MPAI-OSD V1.2 AIWs Television Media Analysis

1 Functions	2 Reference Model	3 I/O Data
4 Functions of AI Modules	5 I/O Data of AI Modules	6 AIW, AIMs, and JSON Metadata
7 Reference Software	8 Conformance Testing	9 Performance Assessment

1 Functions

The Television Media Analysis (OSD-TMA) AI Workflow produces Audio-Visual Event Descriptors (OSD-AVE) composed of a set of Audio-Visual Scene Descriptors (AVS) that include

Relevant Audio, Visual, or Audio-Visual Object
IDs of speakers and ID of faces with their spatial positions
Text from utterances

of a television program provided as input together with textual information that OSD-TMA may use to improve its performance.

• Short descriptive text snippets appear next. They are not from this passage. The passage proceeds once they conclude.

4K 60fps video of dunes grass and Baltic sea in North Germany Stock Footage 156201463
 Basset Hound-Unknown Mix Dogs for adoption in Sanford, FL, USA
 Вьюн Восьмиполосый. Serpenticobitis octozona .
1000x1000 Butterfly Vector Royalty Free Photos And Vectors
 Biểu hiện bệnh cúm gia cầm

OSD-TMA assumes that there is only one speaker at a time.

2 Reference Model

Figure 1 depicts the Reference Model of TV Media Analysis (OSD-TMA).

Figure 1 – Reference Model of OSD-TMA

3 Input/Output Data

Table 1 provides the input and output data of the TV Media Analysis Use Case:

Table 1 – I/O Data of TV Media Analysis (OSD-TMA)

Input	Descriptions
Audio-Video	Audio-Video to be analysed.
Text Object	Text helping OSD-TMA AIMs to improve their performance.
Output	Descriptions
Audio-Visual Event Descriptors	Resulting analysis of Input Audio-Video-Text.

4 Functions of AI Modules

Table 2 provides the functions of the TV Media Analysis Use Case. Note that processing proceeds asynchronously, e.g., TV Splitter separates audio and video for the entire duration of the file and passes the entire audio and video files.

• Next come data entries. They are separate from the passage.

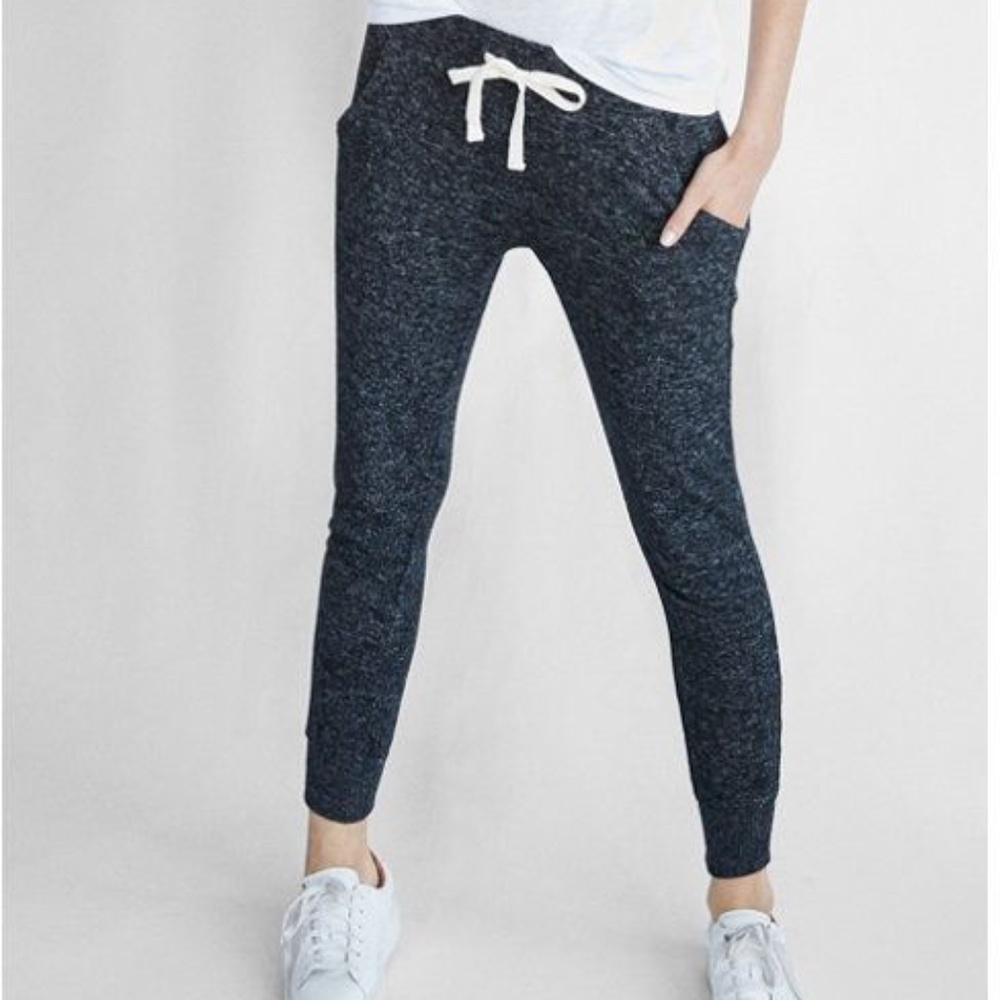 Express Gray Brushed Joggers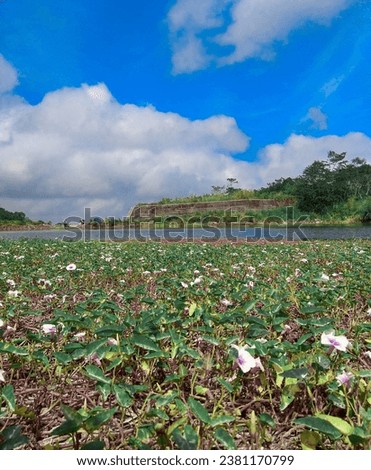 The view of the lake is filled with beautiful and cool flower plants under the bright blue sky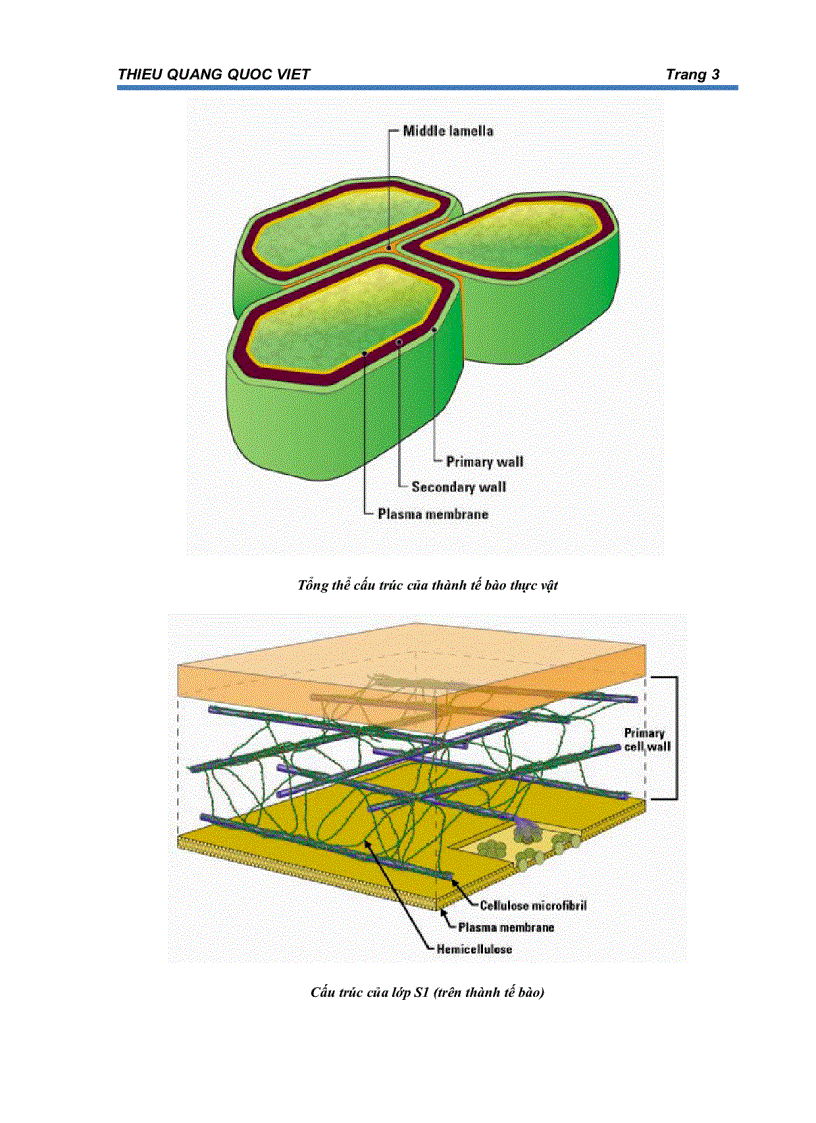 Biomass Phần 1 Tế bào thực vật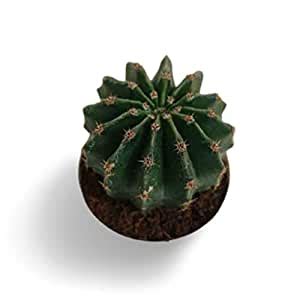Creative Farmer Plant For Main Door Natural Easter Lily Cactus Live ...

Table 2 – Functions of AI Modules of TV Media Analysis (OSD-TMA)

AIM	Function
TelevisionSplitting	Receives Audio-Visual File composed of: – An Audio-Video component. – A Text component. Produces – Video file – Audio file – Text file When all the files of the full duration of the video are ready, AV Splitter informs the following AIMs.
VisualChangeDetection	Receives Video file. Iteratively: – Looks for a video frame that conveys a scene changed from the preceding scene (depends on threshold). – Assigns a video clip identifier to the video clip. – Produces a set of images with StartTime and EndTime.
AudioSegmentation	Receives Audio file. Iteratively: – For each audio segment (from one change to the next): – Becomes aware that there is speech. – Assigns a speech segment ID and anonymous speaker ID (i.e., the identity is unknown) to the segment. – Decides whether: – The existing speaker has stopped. – A new speaker has started a speech segment. – If a speaker has started a speech: – Assigns a new speech segment ID. – Check whether the speaker is new or old in the session. – If old retain old anonymous speaker ID. – If new assign a new anonymous speaker ID. – Produces a series of audio sequences each of which contains: – A speech segment. – Start and end time. – Anonymous Speaker ID. – Overlap information
Face Identity Recognition	– Receives a Text file. – Extracts semantic information from the Text file. – Receives a set of images per video clip. – For each image identifies the bounding boxes. – Extracts faces from the bounding boxes. – Extracts the embeddings that represent a face. – Compares the embeddings with those stored in the face recognition data base. – Associates the embeddings with a face ID taking into account the semantic information from the Text.
Speaker Identity Recognition	1. Receives a Text file. 2. Extracts semantic information from the Text file. 3. Receives a Speech Object and Speech Overlap information. 4. Extracts the embeddings that represent the speech segment. 5. Compares the embeddings with those stored in the speaker recognition data base. 6. Associates the embeddings with a Speaker ID taking into account the semantic information from the Text.
Audio-Visual Alignment	Receives: – Face ID – Bounding Box – Face Time – Speaker ID – Speaker Time Associates Speaker ID and Face ID
Automatic Speech Recognition	– Receives a Text file. – Extracts semantic information from the Text file. – Receives a Speech Object. – Produces the transcription of the speech payload taking into account the semantic information from the Text. – Attaches time stamps to specific portions of the transcription.
Audio-Visual Scene Description	Receives – Bounding box coordinates, Face ID, and time stamps – Speaker ID and time stamps. – Reconciles Face ID and Speaker ID. – Text and time stamps Produces Audio-Visual Scene Descriptors
Audio-Visual Event Description	Receives Audio-Visual Scene Descriptors Produces Audio-Visual Event Descriptors

5 I/O Data of AI Modules

Table 3 provides the I/O Data of the AI Modules of the TV Media Analysis Use Case.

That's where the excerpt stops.